→ **Your goal**: Two lines below mark the span: the one containing "Reds Fans Kids Hoodie" and the one containing "Sèche-linge à condensation". Set down both, plus every line between, exactly as they stand, and nothing else.

→ **Given data**:
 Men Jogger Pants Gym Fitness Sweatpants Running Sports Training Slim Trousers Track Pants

...

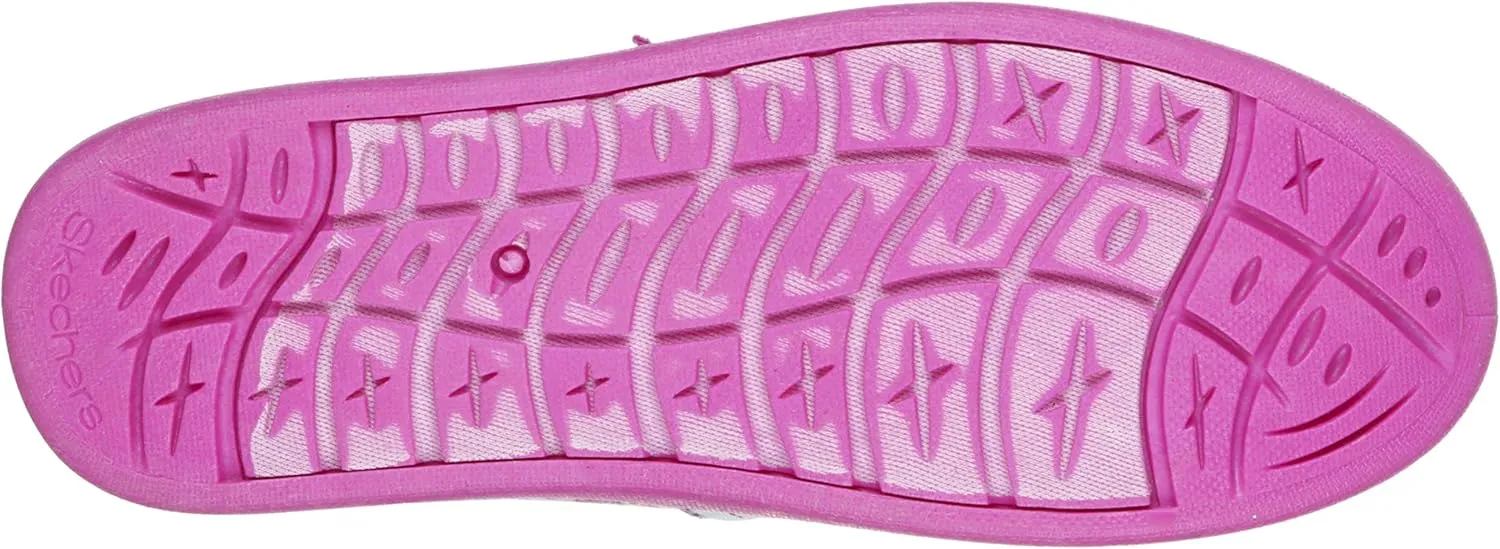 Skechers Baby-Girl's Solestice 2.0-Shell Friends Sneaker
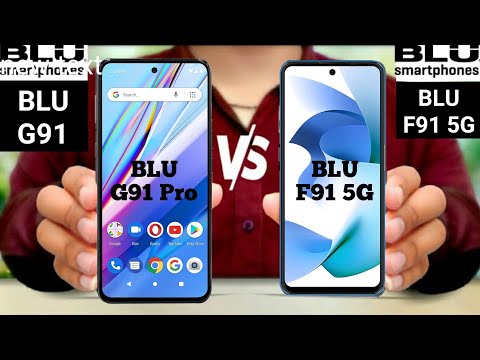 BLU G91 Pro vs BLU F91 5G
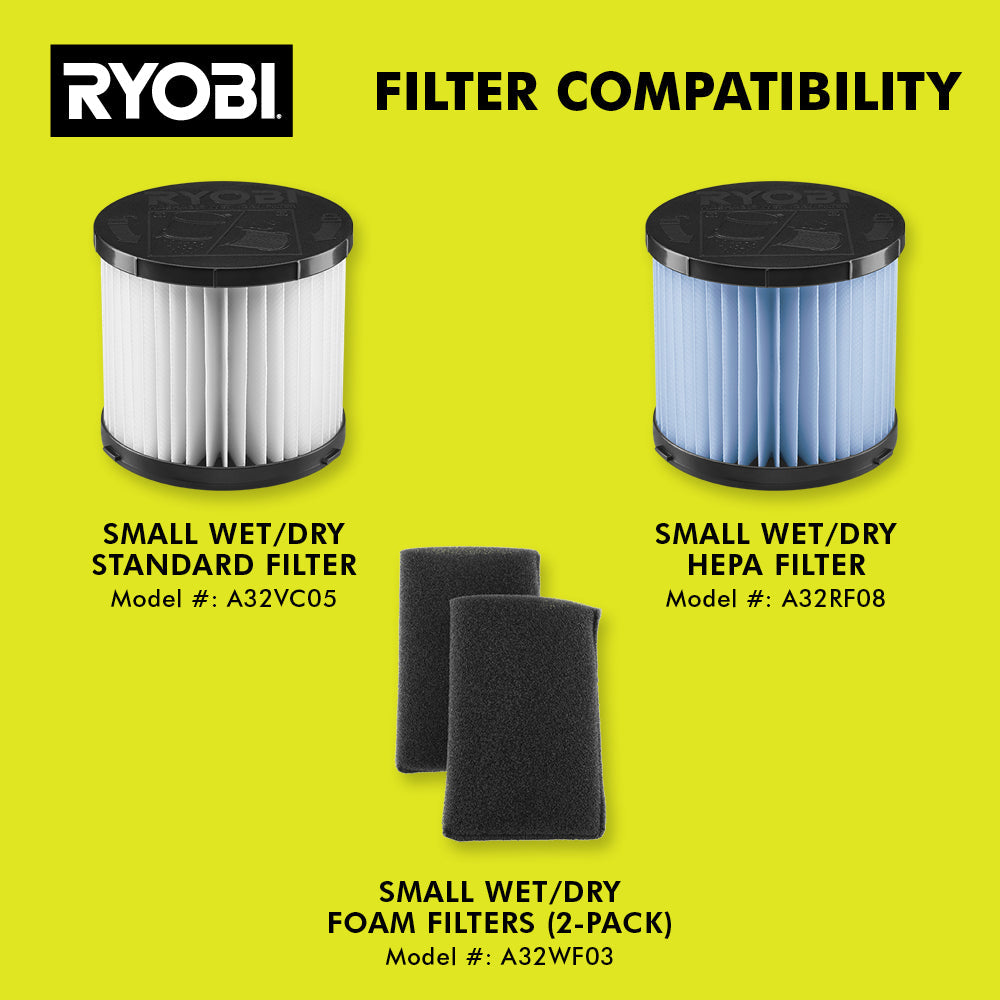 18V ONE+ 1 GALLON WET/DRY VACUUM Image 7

...

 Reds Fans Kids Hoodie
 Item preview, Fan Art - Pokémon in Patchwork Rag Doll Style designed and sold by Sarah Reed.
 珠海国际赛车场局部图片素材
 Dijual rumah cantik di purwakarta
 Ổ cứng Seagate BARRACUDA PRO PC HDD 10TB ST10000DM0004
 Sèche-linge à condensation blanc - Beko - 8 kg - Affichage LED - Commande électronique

→ **Result of this exercise**:
 Reds Fans Kids Hoodie
 Item preview, Fan Art - Pokémon in Patchwork Rag Doll Style designed and sold by Sarah Reed.
 珠海国际赛车场局部图片素材
 Dijual rumah cantik di purwakarta
 Ổ cứng Seagate BARRACUDA PRO PC HDD 10TB ST10000DM0004
 Sèche-linge à condensation blanc - Beko - 8 kg - Affichage LED - Commande électronique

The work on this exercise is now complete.